Right from the onset of the introduction, Aaron et al. (2018) do a great job in defining the research problem. The researchers review literature indicating that black/African American women in the United States have a higher risk of contracting HIV compared to their white/Hispanic counterparts. Despite the increased exposure, the researchers observe that only 14 percent of women access PrEP drugs with a paltry 17 percent of this number being black/ African American. It has also been indicated that North-eastern parts of the United States account for the majority of new PrEP drugs prescriptions, suggesting inadequacy in Southern parts of the country. The statements given create a knowledge gap that needs to be explored to provide a new understanding of the most effective methods of reducing HIV rates incidence rates among African American women in these areas. This way, the researchers succeed in identifying the purpose of their investigation; thus the study meets the standard expectations of scientific research. Without highlighting the purpose, the readers cannot know the motivation for the study and, therefore, Aaron and colleagues have done an excellent job in avoiding this anomaly.

Aaron and colleagues have stated with clarity the methodology that was used to carry out the study. The researchers reviewed previous literature on the use of PrEP and women published between 2010 and 2017. Two independent scientists from CDC were contracted to review and remove those articles that did not contain data as well as those that were not published in English. Further screening was done to remove articles that lacked new data about oral PrEP. Another screening was done to select those that related to HIV and sexually transmitted infections (STIs). Literature reviews of previous publication with the view of increasing understanding a given phenomenon is done by designing a methodology that allows access to the most relevant to the area of inquiry. Researchers' selection articles published between 2010 and 2017 means that the study examined the latest information about the use of PrEP drugs. This ensured that only up-to-date data was examined. Employing independent scientists ensured that bias on the part of the researchers concerning what articles to include was eliminated. Narrowing of publications that addressed oral use of PrEP drugs and HIV and STIs ensured that most relevant information was analyzed. The highlighted criteria were critical because they made the study's methodology reliable and valid. For results of a study to be believed, reliability and validity of the approach to the study are investable, and Aaron and colleagues have succeeded in this respect.

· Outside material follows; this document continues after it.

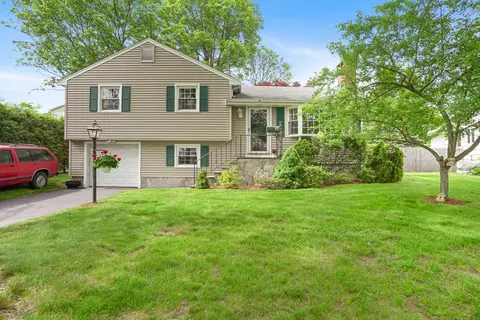 30 Karen St, Fairfield, CT 06824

The results of the literature review show that one category of factors identified from the publications as determining PrEP access is individual and systemic barriers influencing the uptake of PrEP services in women. Personal barriers are stated as barriers that influence decision making on the use of PrEP. They include perception of risk for HIV acquisition, peers and level of information while systemic factors relate to poverty racism and inadequate access to medical services among women. These factors associated with the purpose of the study. By identifying these factors, it can be helpful for stakeholders to address the problem of inadequate access to PrEP services among women. This is backed up by the discussion which explores how the access factors can be used to inform interventions that seek to address the problem of inadequate access to PrEP among black women in the United States. The results and discussion are in line with the purpose of the study which sought to increase access to PrEP among. The findings can be used to generalize about the appropriate measures need to enhance PrEP access among black women in the. However, it remains unclear as to whether the findings can generalized for black women in the Southern parts of the United States because systemic factors may be different from what has been reviewed and little is covered about PrEP access for black women in the South. This creates a weakness in the sense the research objective is not adequately met.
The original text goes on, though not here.